Segment Start: SUPPLIED INFORMATION

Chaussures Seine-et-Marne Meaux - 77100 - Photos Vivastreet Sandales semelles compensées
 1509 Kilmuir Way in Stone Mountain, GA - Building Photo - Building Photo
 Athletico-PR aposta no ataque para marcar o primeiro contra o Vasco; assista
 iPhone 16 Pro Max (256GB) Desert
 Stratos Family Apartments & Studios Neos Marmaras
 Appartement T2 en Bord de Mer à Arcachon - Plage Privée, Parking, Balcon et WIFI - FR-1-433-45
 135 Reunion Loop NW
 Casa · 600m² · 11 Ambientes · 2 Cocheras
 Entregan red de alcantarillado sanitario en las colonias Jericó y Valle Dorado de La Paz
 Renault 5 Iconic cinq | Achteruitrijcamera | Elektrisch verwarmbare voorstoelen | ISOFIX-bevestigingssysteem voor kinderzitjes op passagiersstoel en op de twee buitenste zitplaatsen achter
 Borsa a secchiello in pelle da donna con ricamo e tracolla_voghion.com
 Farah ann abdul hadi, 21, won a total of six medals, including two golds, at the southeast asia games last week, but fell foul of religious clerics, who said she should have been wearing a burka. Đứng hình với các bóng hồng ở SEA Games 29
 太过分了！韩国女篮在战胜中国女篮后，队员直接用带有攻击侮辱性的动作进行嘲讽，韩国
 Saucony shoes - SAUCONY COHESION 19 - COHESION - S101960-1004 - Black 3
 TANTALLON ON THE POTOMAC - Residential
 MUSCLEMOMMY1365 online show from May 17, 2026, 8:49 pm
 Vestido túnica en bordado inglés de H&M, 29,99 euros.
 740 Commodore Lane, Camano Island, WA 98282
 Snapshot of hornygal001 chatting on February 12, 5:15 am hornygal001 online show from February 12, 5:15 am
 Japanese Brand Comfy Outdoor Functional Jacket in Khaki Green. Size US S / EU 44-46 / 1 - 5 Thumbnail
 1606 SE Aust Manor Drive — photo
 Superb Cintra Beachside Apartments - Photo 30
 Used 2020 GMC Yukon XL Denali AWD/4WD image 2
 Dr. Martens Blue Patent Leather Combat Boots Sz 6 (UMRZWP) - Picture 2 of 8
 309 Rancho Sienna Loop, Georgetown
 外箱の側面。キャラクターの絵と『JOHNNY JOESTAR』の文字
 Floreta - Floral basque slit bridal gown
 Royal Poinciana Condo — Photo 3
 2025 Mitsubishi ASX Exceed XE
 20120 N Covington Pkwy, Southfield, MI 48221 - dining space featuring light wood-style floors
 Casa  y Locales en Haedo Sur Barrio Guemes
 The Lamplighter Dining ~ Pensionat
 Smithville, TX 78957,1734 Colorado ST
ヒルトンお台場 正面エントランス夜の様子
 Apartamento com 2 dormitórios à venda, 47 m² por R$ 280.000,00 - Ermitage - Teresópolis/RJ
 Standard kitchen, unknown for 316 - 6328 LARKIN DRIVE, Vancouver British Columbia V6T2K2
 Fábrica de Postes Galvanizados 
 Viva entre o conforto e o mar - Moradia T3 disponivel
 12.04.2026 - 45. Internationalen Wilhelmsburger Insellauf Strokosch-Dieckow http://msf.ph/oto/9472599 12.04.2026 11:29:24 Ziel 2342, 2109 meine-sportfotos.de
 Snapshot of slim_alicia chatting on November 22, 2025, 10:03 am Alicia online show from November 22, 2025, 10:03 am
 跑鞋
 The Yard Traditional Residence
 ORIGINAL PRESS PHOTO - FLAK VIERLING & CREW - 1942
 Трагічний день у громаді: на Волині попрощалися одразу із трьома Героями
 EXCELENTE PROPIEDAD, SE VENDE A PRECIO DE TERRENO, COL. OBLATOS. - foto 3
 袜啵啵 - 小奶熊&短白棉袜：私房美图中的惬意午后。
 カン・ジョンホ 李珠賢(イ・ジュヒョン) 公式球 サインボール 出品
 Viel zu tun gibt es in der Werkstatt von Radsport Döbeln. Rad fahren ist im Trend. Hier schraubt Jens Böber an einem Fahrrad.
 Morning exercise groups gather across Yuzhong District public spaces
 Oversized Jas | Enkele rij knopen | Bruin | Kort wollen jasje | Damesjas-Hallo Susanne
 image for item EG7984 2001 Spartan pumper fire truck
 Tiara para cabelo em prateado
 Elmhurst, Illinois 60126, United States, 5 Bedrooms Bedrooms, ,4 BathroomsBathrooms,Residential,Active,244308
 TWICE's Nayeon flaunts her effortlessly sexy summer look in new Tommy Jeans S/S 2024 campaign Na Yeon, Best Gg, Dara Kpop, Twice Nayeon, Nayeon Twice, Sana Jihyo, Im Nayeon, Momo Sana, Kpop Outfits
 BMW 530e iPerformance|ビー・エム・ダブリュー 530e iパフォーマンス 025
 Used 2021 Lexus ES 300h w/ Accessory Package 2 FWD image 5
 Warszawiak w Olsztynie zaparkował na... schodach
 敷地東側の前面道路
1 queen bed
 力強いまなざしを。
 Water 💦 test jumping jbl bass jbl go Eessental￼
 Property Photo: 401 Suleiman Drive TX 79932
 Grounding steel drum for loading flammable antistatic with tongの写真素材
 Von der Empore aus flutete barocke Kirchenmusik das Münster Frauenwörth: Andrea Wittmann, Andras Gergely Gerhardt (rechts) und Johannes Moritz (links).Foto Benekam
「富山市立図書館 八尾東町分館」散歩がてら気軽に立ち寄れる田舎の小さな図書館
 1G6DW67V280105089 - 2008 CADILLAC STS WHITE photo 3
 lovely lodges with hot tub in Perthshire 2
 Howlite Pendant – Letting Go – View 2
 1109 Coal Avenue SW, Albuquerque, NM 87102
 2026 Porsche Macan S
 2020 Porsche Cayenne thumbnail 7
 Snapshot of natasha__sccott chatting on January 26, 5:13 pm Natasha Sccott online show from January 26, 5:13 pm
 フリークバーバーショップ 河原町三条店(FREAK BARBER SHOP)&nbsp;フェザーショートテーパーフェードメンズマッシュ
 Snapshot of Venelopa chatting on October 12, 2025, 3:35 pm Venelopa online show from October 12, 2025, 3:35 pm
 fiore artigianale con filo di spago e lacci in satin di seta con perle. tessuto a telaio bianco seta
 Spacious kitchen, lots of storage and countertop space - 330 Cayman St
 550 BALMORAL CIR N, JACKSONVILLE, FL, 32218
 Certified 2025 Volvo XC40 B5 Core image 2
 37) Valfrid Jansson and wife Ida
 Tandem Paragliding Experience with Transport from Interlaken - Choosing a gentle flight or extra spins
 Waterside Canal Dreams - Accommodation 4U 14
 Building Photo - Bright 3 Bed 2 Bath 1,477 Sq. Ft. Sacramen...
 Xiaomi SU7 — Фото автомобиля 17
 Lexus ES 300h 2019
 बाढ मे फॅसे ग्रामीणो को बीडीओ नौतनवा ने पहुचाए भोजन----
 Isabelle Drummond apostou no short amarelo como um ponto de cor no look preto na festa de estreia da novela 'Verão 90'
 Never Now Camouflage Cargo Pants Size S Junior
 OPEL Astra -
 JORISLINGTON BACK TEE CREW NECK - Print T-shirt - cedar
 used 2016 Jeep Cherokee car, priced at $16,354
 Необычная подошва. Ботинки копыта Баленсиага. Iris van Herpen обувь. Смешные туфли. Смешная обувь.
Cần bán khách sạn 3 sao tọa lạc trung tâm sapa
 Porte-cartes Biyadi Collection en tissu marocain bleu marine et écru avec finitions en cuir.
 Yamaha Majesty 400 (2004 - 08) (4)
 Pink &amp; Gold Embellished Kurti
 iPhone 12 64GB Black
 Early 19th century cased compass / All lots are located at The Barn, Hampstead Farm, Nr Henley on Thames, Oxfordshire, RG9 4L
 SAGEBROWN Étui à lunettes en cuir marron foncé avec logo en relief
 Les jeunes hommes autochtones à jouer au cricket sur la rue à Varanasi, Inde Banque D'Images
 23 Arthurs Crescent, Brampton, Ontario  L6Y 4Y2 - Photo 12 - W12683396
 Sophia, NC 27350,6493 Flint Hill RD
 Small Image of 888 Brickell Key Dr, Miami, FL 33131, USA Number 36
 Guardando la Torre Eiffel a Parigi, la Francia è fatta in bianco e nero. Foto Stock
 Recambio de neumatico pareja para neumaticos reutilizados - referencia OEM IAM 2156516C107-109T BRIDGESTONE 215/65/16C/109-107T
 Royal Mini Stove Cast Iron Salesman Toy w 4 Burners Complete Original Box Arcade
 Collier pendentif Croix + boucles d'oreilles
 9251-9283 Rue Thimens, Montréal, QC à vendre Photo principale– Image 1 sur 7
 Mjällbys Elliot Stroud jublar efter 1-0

Segment End: SUPPLIED INFORMATION

• _TRY IT_
The reply must hold exactly the lines from the one containing "Small Image of" to the last line of the entries, and nothing more.

• _SOLUTION TO THE EXERCISE_
 Small Image of 888 Brickell Key Dr, Miami, FL 33131, USA Number 36
 Guardando la Torre Eiffel a Parigi, la Francia è fatta in bianco e nero. Foto Stock
 Recambio de neumatico pareja para neumaticos reutilizados - referencia OEM IAM 2156516C107-109T BRIDGESTONE 215/65/16C/109-107T
 Royal Mini Stove Cast Iron Salesman Toy w 4 Burners Complete Original Box Arcade
 Collier pendentif Croix + boucles d'oreilles
 9251-9283 Rue Thimens, Montréal, QC à vendre Photo principale– Image 1 sur 7
 Mjällbys Elliot Stroud jublar efter 1-0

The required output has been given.